Karlovy Vary International Film Festival 2011: Round-Up

A wrap-up of the winners and final figures from the Czech Republic's biggest movie event

Although not even the tons of oysters served at the closing party at Grandhotel Pupp were enough to draw the attention of celebs on Saturday, the preceding ceremony at Hotel Thermal was all glamour.

The opening and closing ceremonies' main theme was dancing Martians, who landed in the Grand Hall in a flying saucer.

Six of the 12 films in the main competition were recognized by the main jury, which was led by István Szabó.

The Grand Prix and a $30,000 cash prize went to the Israeli film Restoration (Boker Tov, Adon Fidelman), directed by Yossi Madmoni. The film depicts the melancholy and despair one family faces as it tries to decide the future of its antique furniture shop. The film was also nominated for the Grand Jury Prize at Sundance this year and took home the World Cinema Screenwriting Award at the same festival.

The jury's special prize went to the Czech-Slovak coproduction Gypsy (Cigán), directed by Martin Šulík. Gypsy's lead actor, Ján Mižigár, also received a special mention, together with Jocelyn Pook, who was responsible for the music in another film in competition, Room 304.

The Crystal Globe for Best Actress was awarded to Stine Fischer Christensen for her breathtaking role as a young theatre actress in the psychological drama Cracks in the Shell (Die Unsichtbare) while David Morse can proudly take home his Best Actor statuette for his role in Martin Donovan's The Collaborator. Morse actually returned to the United States during the festival but jumped on a plane and came back to Karlovy Vary to receive the award in person.

Pascal Rabaté took home the Crystal Globe for best director for his film Holidays by the Sea, a wordless comedy that pays tribute to Jacques Tati.

The traditional East of the West section's jury was most impressed by the Vladimir Blaževski film Punk's Not Dead (Pankot ne e mrtov). This Serbian/Macedonian coproduction is a dark comedy about a 40-year old former singer trying to get his band back together after 17 years.

The Globe for Best Documentary over 30 minutes in length went to The Good Life (Det gode liv) by Danish documentary-maker Eva Mulvad. "I travelled with the film to 11 festivals already and I'm sure this prize will help the film a lot," Eva confessed to me at the closing party.

The independent jury decided to give the Independent Camera Award to Aaron Houston's film Sunflower Hour, a comedy about puppeteers competing for a spot on a children's television program.
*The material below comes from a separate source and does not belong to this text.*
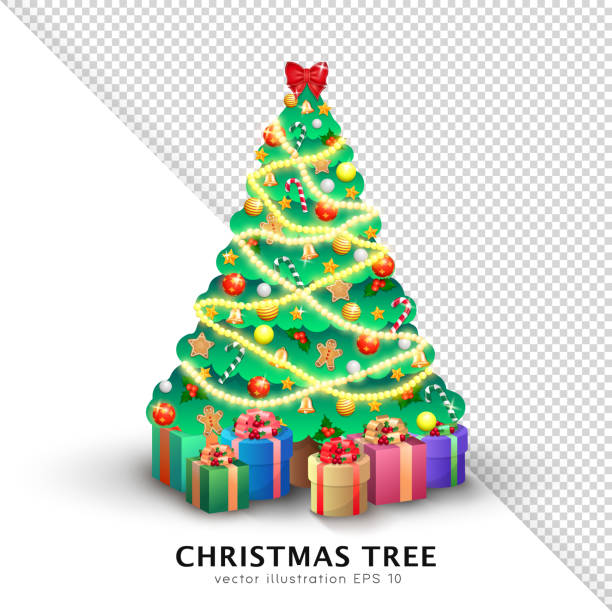 Green decorated Xmas tree on transparent background Shiny vector Christmas tree with decorations - colorful baubles, candies, bells, gingerbread, holly berries and red bow. Green Xmas fir, pine with colorful gifts isolated on transparent background multiple christmas trees stock illustrations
All four of the competition films recognized by the jury will be screened as part of the traditional KVIFF Echoes block at the Prague art house cinemas Kino Světozor and Kino Aero.

Among the films that are worth catching are Incendines by Dennis Villeneuve, a deeply moving film following a pair of twins' journey to the Middle East to find out more about their family; Kim Ki-duk's latest film Arirang, where the director turns the camera on himself; and Béla Tarr's latest film, Turin Horse (A torinói ló).

As David Morse said, the most important component of the KVIFF is an audience that's prepared to sleep in tents just to watch the films.

This audience decides which film they like best each year. This year, of the 70,490 votes cast, the clear winner was the Czech film Nicky's Family (Nickyho rodina), a Matej Mináč film about Sir Nicholas Winton who, just before the outbreak of World War II, succeeded in taking 669 Jewish children out of Nazi-occupied Prague to safety in the United Kingdom.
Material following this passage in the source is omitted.